Umbelliferone presents orofacial antinociceptive and anti-inflammatory activity via reduction of TNF-α in mice.

Abstract

Pain is a normal response of the central nervous system to trauma, infections, neoplasms, neuropathies, and inflammation. It can arise from physical, emotional, or cognitive conditions, and is classified as orofacial pain when it affects the mouth and face. Umbelliferone, a coumarin from the umbelliferous plant family, is an important component of essential oils, and possesses antioxidant, curative, anti-inflammatory, and anti-tumor activity.
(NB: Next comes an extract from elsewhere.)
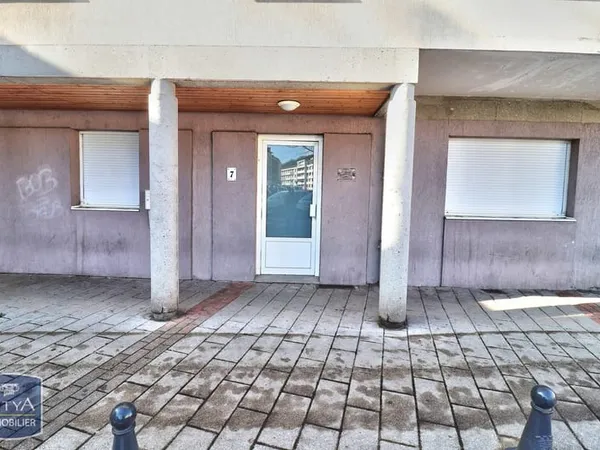 Bureau et espace de travail Location Le Chambon-Feugerolles  65m² 60000€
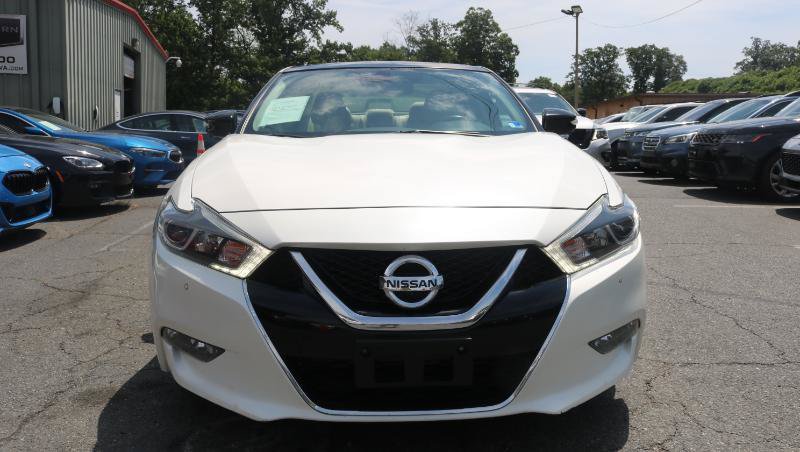 Used 2018 Nissan Maxima Platinum FWD image 2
The aim of this study was to investigate the orofacial antinociceptive and anti-inflammatory effects of umbelliferone in Swiss male mice Mus musculus, at 3 months of age. Test groups received different doses of umbelliferone (25, 50, or 75 mg/kg, i.p.). The negative control received 0.9% sodium chloride and Tween 80, with the positive control receiving morphine (5 mg/kg, i.p.) or dexamethasone (2 mg/kg, s.c.). We observed a significant reduction in acetic acid-induced abdominal writhing (p<0.001), and a decrease in paw licking in the orofacial nociception test with formalin (p < 0.01). The 50 and 75 mg/kg doses of umbelliferone presented significant reductions in the glutamate (p<0.01) and capsaicin (p<0.01) tests, suggesting activity on glutamatergic receptors and TRPV1. In the carrageenan-induced paw edema test (1%), there was a decrease in limb volume over 240 minutes (p<0.01), suggesting inhibition of the inflammatory process. There was also a reduction in leukocyte count (p<0.001) and TNF-α levels (p<0.001) when compared to the control group, being similar to the animals treated with dexamethasone (p<0.001). It was concluded that umbelliferone exhibits orofacial antinociceptive activity and anti-inflammatory activity via TNF-α. However, further preclinical studies are needed for a better characterization.